## Aim of the exercise
In the listing below, print exactly the lines between the line holding "Kavya Deepika Readymade Salwar Suit KD66007" and the line holding "iphone 14 pro 128 gb gold", inclusive, and no more.

## Records shown
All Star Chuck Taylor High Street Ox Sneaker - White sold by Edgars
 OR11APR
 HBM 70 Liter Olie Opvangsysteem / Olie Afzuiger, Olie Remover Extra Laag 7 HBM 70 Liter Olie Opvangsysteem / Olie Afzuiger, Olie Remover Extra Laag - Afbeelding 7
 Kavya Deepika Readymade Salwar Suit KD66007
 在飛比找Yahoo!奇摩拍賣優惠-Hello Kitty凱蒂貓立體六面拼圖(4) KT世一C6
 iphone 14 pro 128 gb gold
==
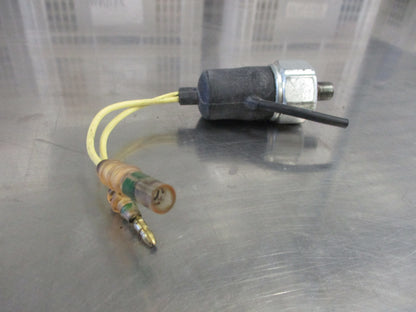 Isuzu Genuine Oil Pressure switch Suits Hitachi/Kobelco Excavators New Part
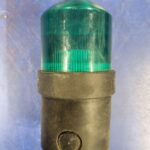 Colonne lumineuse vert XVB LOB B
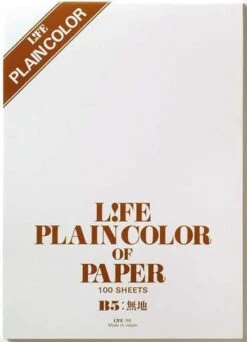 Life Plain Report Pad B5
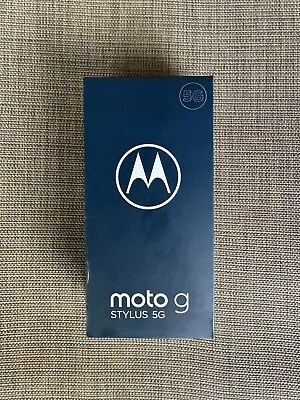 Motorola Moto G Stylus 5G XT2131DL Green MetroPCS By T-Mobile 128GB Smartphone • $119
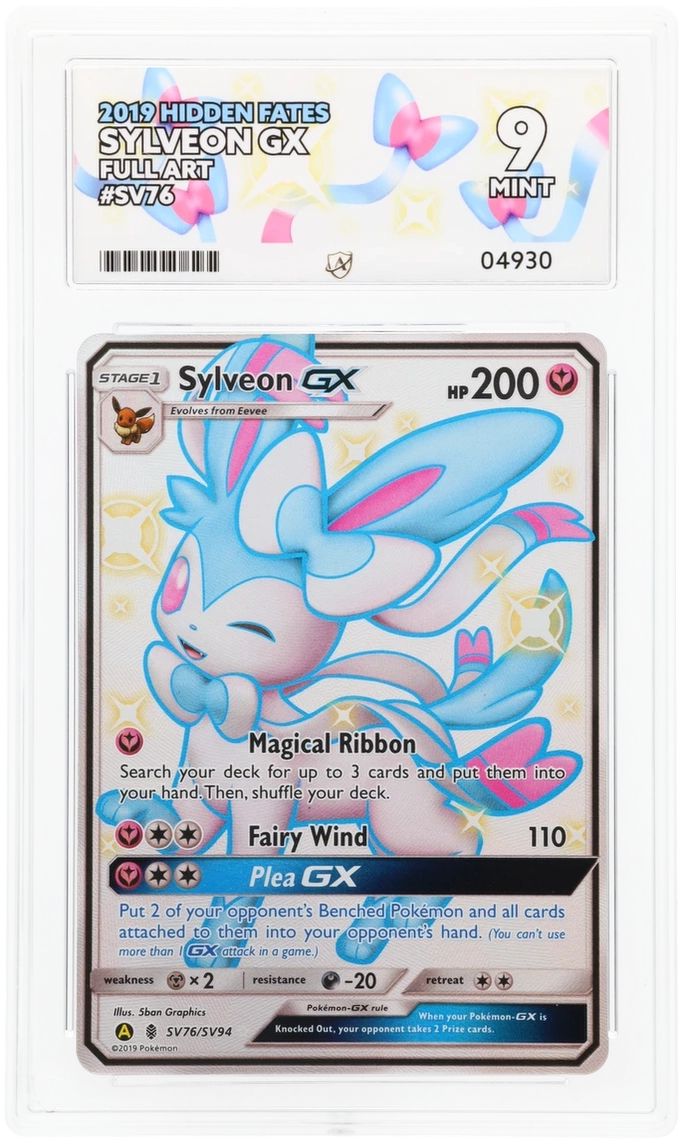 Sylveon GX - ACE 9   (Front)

## Output below
 Kavya Deepika Readymade Salwar Suit KD66007
 在飛比找Yahoo!奇摩拍賣優惠-Hello Kitty凱蒂貓立體六面拼圖(4) KT世一C6
 iphone 14 pro 128 gb gold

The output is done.